One of the all-time great names in Tennessee football history left us on Tuesday as former Vol captain Bill Anderson passed away at the age of 80. While he was a great player for the Vols and later the NFL's Green Bay Packers, he is best known for his role on the Vol Radio Network. Anderson spent 30 years alongside the great John Ward as part of the longest running duo in college football. I had the honor and the privilege of being part of that team as host of the Kickoff Call In Show for 17 of those 30 years on the Vol Network.
He was not a professional announcer. Kind of rough around the edges, Bill Anderson was an analyst; perhaps the most knowledgeable football guy I've ever been around. His style as he teamed with the very professional Ward for those 30 years was the opposite of Ward in every way. But that unique approach was the reason the pair was so successful for so many years.
One of the great stories about Bill Anderson took place even before I began working with the Vol Network. In the older days of radio, before the days of computers and, yes, even before the days of satellites, radio networks used telephone lines to get their games on the air. This was quite costly and, technically speaking, sometimes very complicated. If you ever lost your line, the chances of getting it back at all were about 50-50. The Vol Network was set up on telephone lines, sending the Vols' games to more than 100 stations; making it the largest network of its type in the country.

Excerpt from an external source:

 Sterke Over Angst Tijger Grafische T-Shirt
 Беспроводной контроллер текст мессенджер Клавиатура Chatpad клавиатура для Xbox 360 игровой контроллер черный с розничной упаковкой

At the end of every game, when everything had been said and the Vol Network had signed off their broadcast for the day, someone in the booth would say, "Good night Telco". That would be the signal for the telephone line connecting the Vol Net to all their affiliate stations to be disconnected, ending the broadcast. An engineer would be listening and when he heard "Good night Telco" he would disconnect.
On a particular evening, the Vol Network engineer in the booth asked John and Bill to check their mics before they went on the air. John did his usual, "testing, testing one two three...." but Bill decided to be creative. He said, "testing, testing...Good night Telco." When the telephone engineer heard his cue to end the broadcast, he disconnected. He hung up on John and Bill and it took a while and many phone calls to get things straightened out and get the broadcast back on the air. Needless to say, Bill Anderson never uttered the words, "Good night Telco" again.
I miss Bill and the nights we would sit at a bar discussing life and, of course, Tennessee football. He was as cordial to the fans as he was his friends, because he considered himself to be one of them......a regular guy. He would always laugh when someone would compliment him on his job as the Vols analyst because he readily knew he was not a professional announcer, but he wasn't supposed to be. He was an excellent analyst and his tenure with John Ward is one that covers some of the most exciting years in Tennessee history.